4. She had been working with experienced Spanish coaches – Jose Manuel Garcia and Esteban Carril – from August, 2014. After the Lawn Tennis Association (LTA) made a pay cut in her funding at the end of 2014, Konta moved her training base to Gijon, Spain to work with her Spanish coaches on a full-fledged basis. That eventually proved to be one of the best decisions she ever took for her career.
5. After being suggested by Carril, she started working with mental coach, Juan Coto from October, 2014. It became the backbone of Konta’s meteoric rise as Coto infused her with self-belief that was previously lacking.
6. She turned pro in 2008, but Konta announced herself on the WTA Tour only last year as she started racking up wins and scalping higher-ranked players from WTA Eastbourne during the grass season. After losing to Maria Sharapova at the first round of Wimbledon, she went on a 16-match winning streak that included upsets of Garbine Muguruza and Andrea Petkovic at the US Open. Konta’s run came to an end at the hands of Petra Kvitova in the fourth round at New York which was her best-ever result at a Slam until this year’s Australian Open.

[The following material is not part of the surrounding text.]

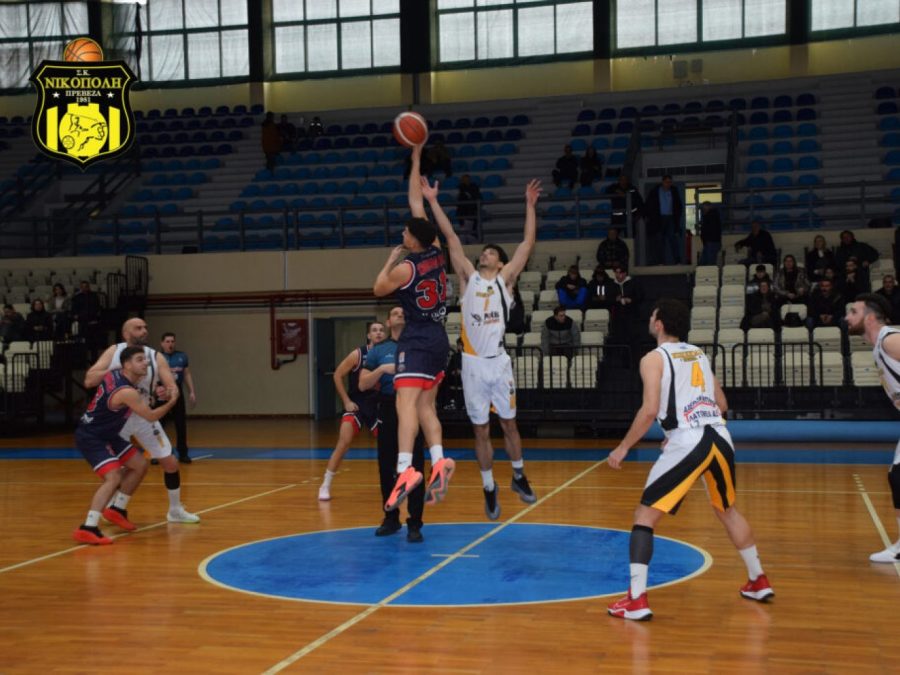 Νέα διοίκηση στη Νικόπολη Πρέβεζας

7. She continued her brilliant form at the WTA Premier event in Wuhan where she reached the quarter-finals and bowed out in a tight three-setter to Venus Williams, the same player whom she beat in the opening round of the 2016 Australian Open. At Wuhan, she also upset the World No. 2 Simona Halep and had a win over Victoria Azarenka, who retired after losing the first set.
8. Her spectacular second half of 2015 saw her end the season ranked 47th which was a jump of 103 places from her ranking of 150th at the end of 2014. Konta is projected to enter the top-30s for the very first time after her remarkable success at the Australian Open.

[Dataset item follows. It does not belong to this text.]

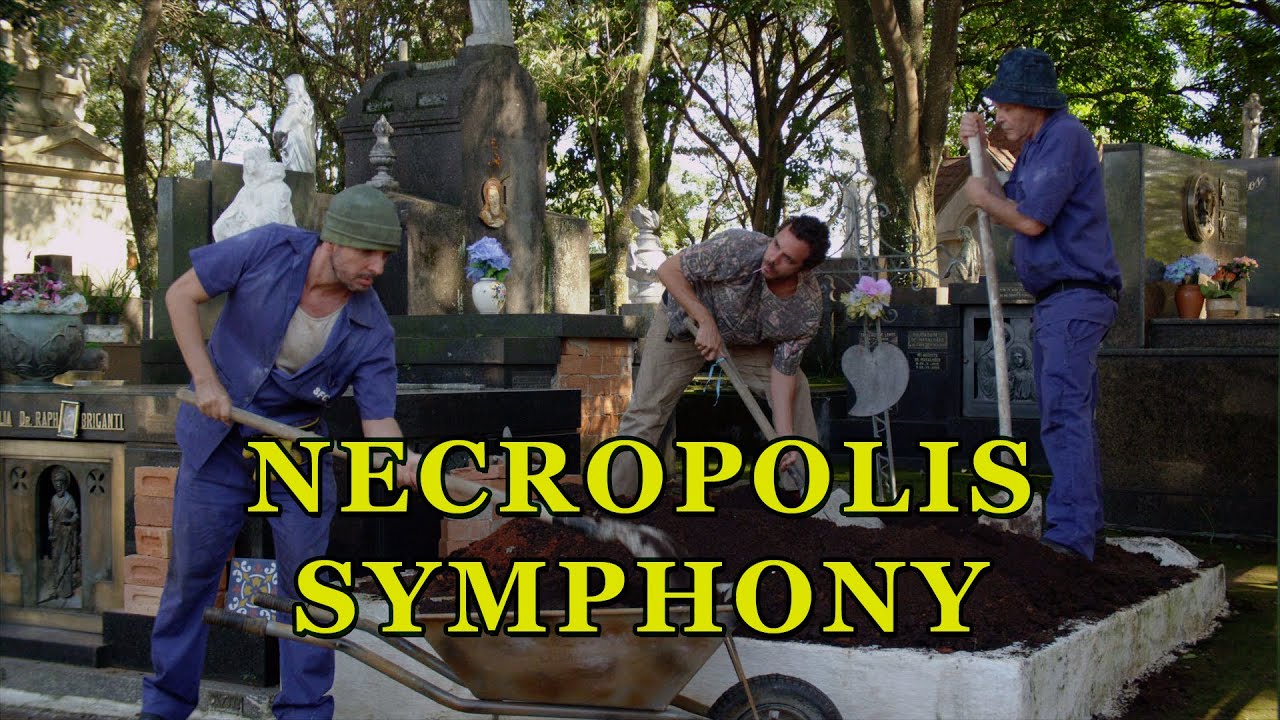 Sinfonia da Necrópole Trailerin pikkukuva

9. Konta’s performances at the Australian Open witnessed a dramatic turnaround in a span of 12 months. Last year, she had bowed out of the first round of qualifying after losing to Anna Tatishvili of the USA, 4-6, 5-7.
10. This is Konta’s main draw debut at the Australian Open, which makes her achievement even more impressive. She is the first debutante to go as far as the semi-finals since Canadian Eugenie Bouchard in 2014.